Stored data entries
════════

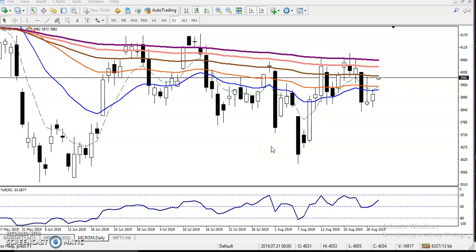Hello traders, welcome to Oilers Blue. This is Giffen Gogo and in this video I will discuss about crude oil.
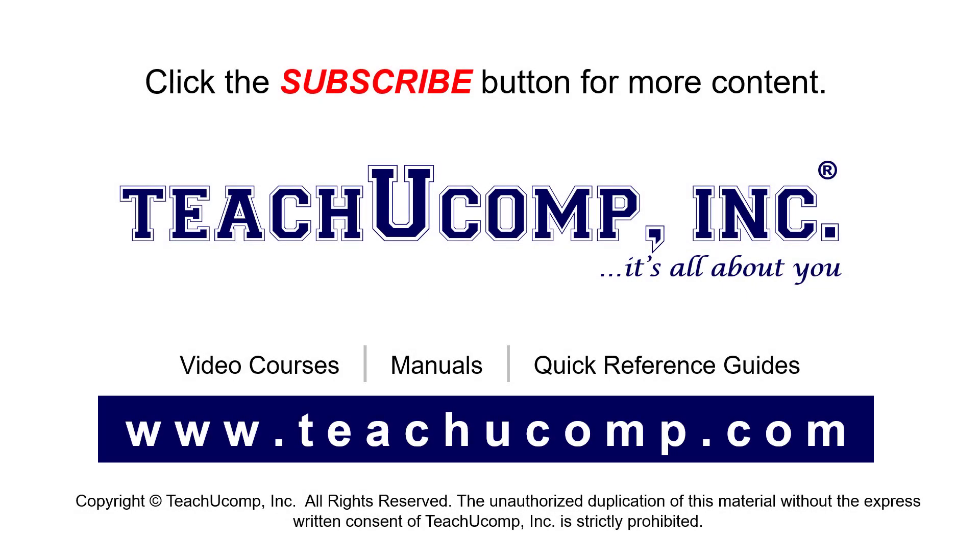Remember to click the Subscribe button to see more of our videos. See our full suite of courses, instruction manuals, and quick reference guides at www.teachucomp.com.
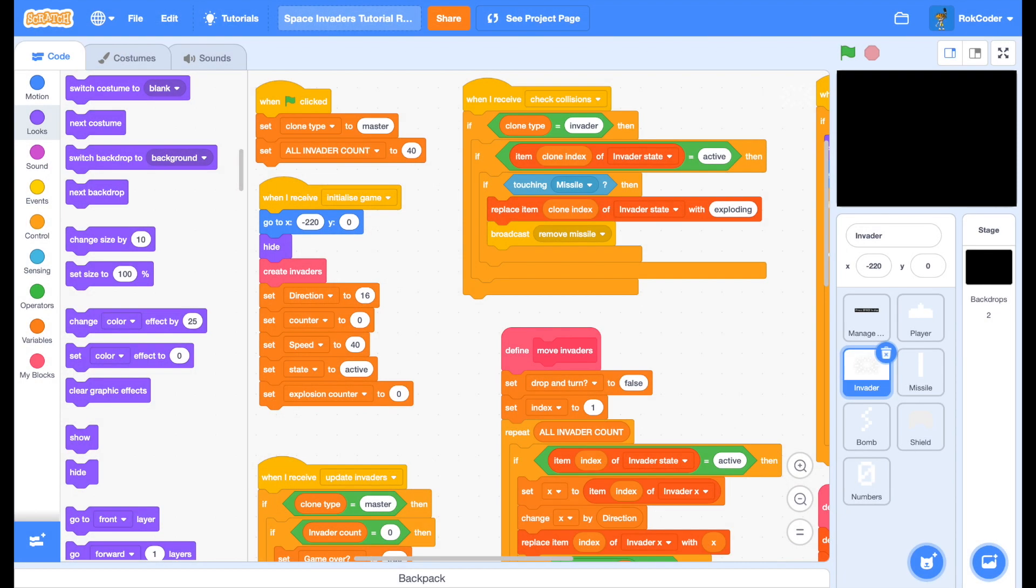Welcome back to the Rockcoder Space Invaders tutorial. In this session we're going to make it so that the invaders can drop bombs on the player and actually destroy the player. So we'll be able to end a game when the invaders land on the floor, when they've blown up the player, or when the player has destroyed all the invaders.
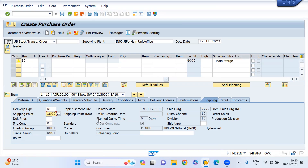This is about how to configure the table for shipping point determination per store location. Thanks for watching.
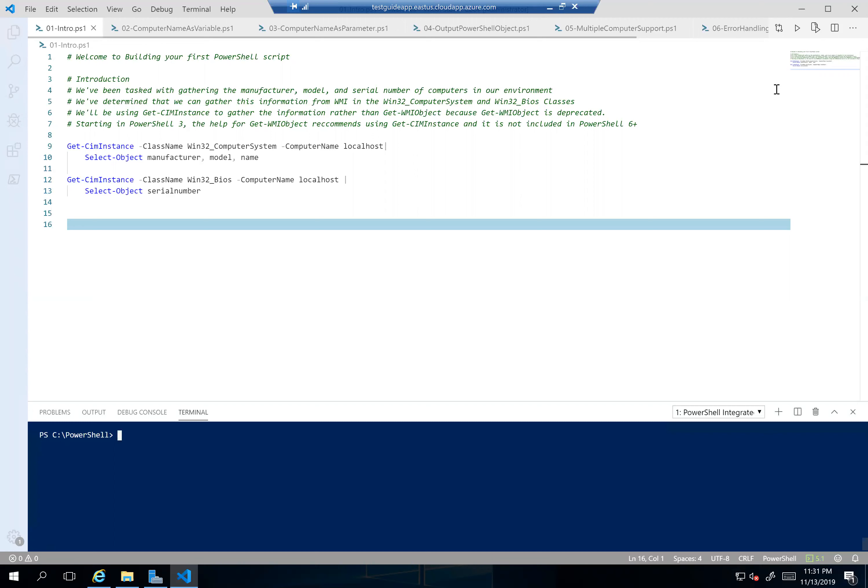I started with a scenario where we've been tasked with gathering manufacturer, model, and serial number of computers in our environment, and we figured out that Get-CimInstance can do this. I recommend using Get-CimInstance because Get-WmiObject is technically deprecated. Starting in PowerShell 3, the help for Get-WmiObject actually recommends using Get-CimInstance instead. The only gotcha with Get-CimInstance is it requires PowerShell remoting to be enabled. Also, Get-WmiObject doesn't exist in PowerShell 7, so if you're building scripts for the future, use Get-CimInstance. I started with two commands querying the Win32_ComputerSystem class and the Win32_BIOS class to get the information we're looking for.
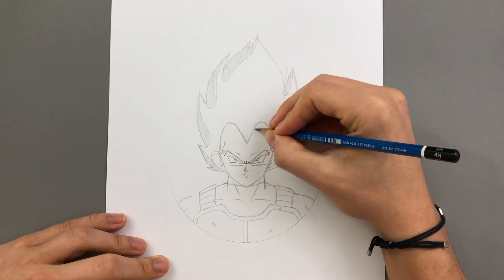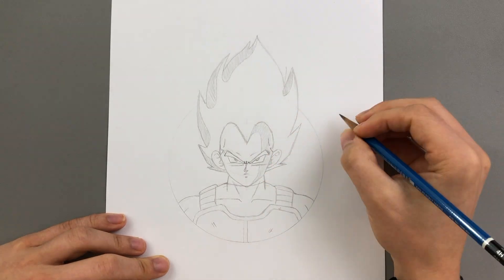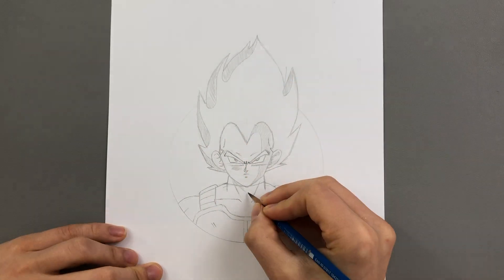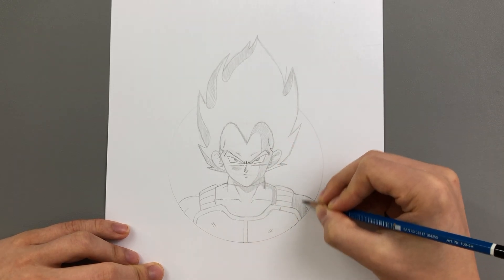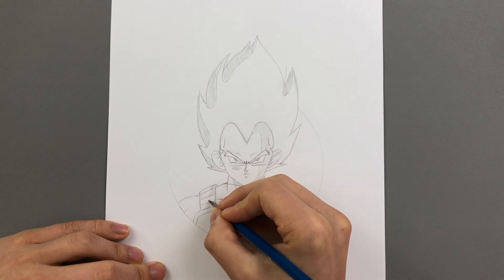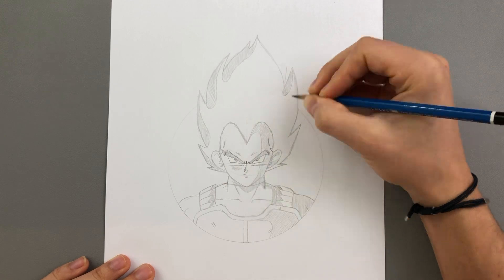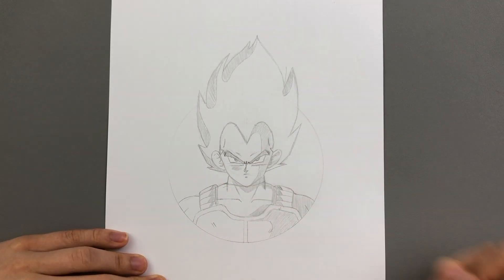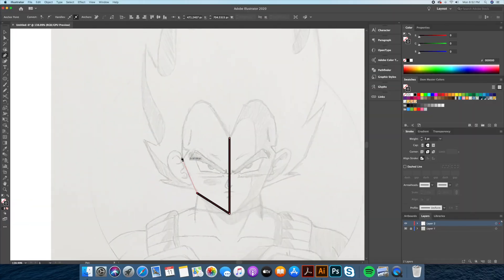And now we add the shadow areas. Once the rough draft is completed, we will import it into Illustrator. This is when the fun begins. Let's start by creating the outlines of our character and the shadow areas.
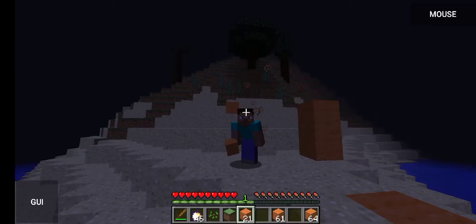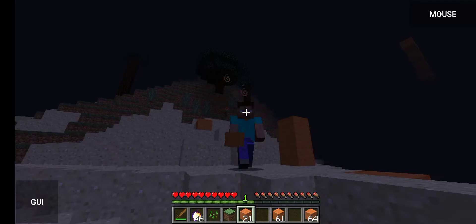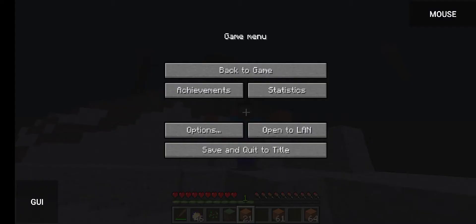Welcome guys to another episode of Minecraft tutorials. Today I'm gonna be showing you how to fix the problem where if you press Shift and W it turns off full screen. All you need to do is go to options.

════════

§ Problem description
Reproduce only the lines from the beginning of the data through the line that contains "Remember to click", both included, and please drop the pictures.

§ Solution to this exercise
Hello traders, welcome to Oilers Blue. This is Giffen Gogo and in this video I will discuss about crude oil.
Remember to click the Subscribe button to see more of our videos. See our full suite of courses, instruction manuals, and quick reference guides at www.teachucomp.com.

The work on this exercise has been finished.